VerdadEs: politizar el dolor y las emociones de las mujeres (TruthIs: Politicising Women’s Pain and Emotions) a report presented to the Truth Commission by women from Cauca, Córdoba and Meta departments together with the feminist Colombian organisation Casa de la Mujer. The report is about women’s experiences of multiple forms of violence during the internal armed conflict. It analyses the structural roots of violence against women in a patriarchal society, making recommendations to ensure “no-repetition”. Published in Spanish.
It highlights the pluralisation of violence against women, their double displacement from the private to the public and from the public to the private, it examines the territory of the body as a place of dispute and memory about emotions, from personal and collective experience, and from the articulation of the armed conflict and patriarchy.
This report has been submitted to Colombia’s Truth Commission, created in 2016 as part of the agreements in the Peace Accord. Its purpose is to reveal the truth about human rights violations perpetrated by the Security Forces, the FARC-EP and third parties that occurred during the armed conflict between 1958 and 2016. Central to this the recognition of the victims, the responsibility of those who perpetrated violence in order to ensure non-repetition.
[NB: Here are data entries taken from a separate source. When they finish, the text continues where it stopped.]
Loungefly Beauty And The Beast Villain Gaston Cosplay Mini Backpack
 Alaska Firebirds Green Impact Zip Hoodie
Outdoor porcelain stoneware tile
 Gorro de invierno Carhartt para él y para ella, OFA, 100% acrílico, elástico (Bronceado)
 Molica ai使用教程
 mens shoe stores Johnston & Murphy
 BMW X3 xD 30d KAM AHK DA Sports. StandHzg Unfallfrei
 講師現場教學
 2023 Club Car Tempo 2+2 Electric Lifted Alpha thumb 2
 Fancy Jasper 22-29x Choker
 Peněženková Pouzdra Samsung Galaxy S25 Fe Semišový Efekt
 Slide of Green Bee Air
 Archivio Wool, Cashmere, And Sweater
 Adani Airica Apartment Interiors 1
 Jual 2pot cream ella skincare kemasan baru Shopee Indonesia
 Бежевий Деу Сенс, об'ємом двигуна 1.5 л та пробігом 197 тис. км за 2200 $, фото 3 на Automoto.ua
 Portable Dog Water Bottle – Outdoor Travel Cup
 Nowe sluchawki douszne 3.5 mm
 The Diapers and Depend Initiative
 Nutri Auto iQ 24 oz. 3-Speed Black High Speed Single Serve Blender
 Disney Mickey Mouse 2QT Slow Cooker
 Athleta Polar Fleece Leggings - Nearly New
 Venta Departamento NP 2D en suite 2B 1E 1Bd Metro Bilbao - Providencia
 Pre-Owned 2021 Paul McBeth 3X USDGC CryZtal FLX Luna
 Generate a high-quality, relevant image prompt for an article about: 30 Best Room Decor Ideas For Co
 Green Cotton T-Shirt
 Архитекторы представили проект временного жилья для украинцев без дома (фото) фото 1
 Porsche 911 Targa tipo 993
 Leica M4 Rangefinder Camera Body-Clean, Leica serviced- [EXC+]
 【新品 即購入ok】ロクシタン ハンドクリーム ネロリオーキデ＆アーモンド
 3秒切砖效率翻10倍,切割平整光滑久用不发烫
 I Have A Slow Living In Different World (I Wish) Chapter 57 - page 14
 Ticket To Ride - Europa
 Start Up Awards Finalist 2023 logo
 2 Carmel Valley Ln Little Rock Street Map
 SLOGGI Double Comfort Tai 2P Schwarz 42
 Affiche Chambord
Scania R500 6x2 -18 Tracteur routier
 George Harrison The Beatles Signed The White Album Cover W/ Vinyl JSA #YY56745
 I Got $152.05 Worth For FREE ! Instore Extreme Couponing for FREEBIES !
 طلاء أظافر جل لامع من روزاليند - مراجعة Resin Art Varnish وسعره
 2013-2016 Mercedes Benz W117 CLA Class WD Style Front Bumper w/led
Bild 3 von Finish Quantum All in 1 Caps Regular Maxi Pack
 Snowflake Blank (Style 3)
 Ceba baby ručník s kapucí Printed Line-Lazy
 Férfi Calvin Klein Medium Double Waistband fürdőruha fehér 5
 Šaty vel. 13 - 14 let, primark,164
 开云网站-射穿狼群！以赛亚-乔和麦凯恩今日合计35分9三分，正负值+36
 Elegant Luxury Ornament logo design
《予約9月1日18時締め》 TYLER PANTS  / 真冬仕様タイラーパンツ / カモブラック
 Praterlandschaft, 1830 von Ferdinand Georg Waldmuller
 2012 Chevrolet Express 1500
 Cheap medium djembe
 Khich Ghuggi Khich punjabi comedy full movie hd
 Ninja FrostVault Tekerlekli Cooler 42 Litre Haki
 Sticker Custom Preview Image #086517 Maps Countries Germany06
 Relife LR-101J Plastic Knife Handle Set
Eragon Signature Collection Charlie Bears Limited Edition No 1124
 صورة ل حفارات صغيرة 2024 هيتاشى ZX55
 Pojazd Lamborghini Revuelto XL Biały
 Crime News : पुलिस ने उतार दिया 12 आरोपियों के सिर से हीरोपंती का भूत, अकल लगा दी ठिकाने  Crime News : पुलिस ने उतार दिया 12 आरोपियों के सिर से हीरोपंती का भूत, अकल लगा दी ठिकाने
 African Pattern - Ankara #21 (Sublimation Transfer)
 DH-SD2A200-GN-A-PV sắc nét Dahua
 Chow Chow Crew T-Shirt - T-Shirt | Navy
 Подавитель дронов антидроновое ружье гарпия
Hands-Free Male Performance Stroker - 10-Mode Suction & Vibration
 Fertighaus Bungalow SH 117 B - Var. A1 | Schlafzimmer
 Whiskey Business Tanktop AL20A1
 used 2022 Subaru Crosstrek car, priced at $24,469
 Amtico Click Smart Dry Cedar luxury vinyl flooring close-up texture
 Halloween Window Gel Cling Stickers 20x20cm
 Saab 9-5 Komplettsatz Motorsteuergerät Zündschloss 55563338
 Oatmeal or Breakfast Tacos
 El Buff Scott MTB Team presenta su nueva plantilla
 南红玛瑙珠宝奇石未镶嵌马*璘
The report discusses the importance of politicising women’s pain and emotions as a means of raising public awareness about violence perpetrated against women during the conflict in an effort to create guarantees these harmful acts will not be repeated. It specifically addresses the situation in Meta, Córdoba, and Cauca departments outlining the situation of women before the armed actors arrived, women’s experiences after they arrived, the acts of violence committed against women, women’s emotions and resistance, and the patriarchal logic and practices of violence perpetrated against women.
The report highlights that the women identified that during the armed conflict, sexual violence became an almost inevitable fact, it was perpetrated by tall armed actors, as well as by men who were part of their families and the community.
“Those who were victims of sexual violence express that they kept silent about the fact because they considered that they would not be believed or that they would be punished. This idea, according to them, was permanent in their lives, mainly in those who experienced the events between the ages of 13 and 16, which correspond to 50% of the documented cases. The silence that follows sexual violence is rooted in imageries that make the female victims responsible for the act… The silence of the women operated as a strategy that sought to protect their lives and prevent further abuse and violence…”
In my town there was a lot of violence, they raped many girls until now, in the 90’s they raped one girl who studied with my 12-year-old daughter, they raped her and left her under a bush, she didn’t return to school. When she was found she was without any eyes because the buzzards had eaten her, but she says she was raped, mistreated and everything, she disappeared for three days. They were adults who [raped] these girls. (page 57)
It is therefore essential to ensure that there are no amnesties for conflict related sexual violence an agreement made in the Peace Accord. Many women explained in this report that sexual and gender-based violence was happening before as well as during the conflict. The conflict exacerbated a situation that also exists outside of the conflict driven by patriarchal attitudes. Therefore, there can be no peace for women unless conflict sexual and gender-based violence is specifically addressed both in the Truth Commission’s Report due out in July 2022 and before the Tribunal in the Special Jurisdiction for Peace by opening a national (macro) case in which conflict related sexual violence perpetrated by the Security Forces and former FARC-EP members against women is addressed.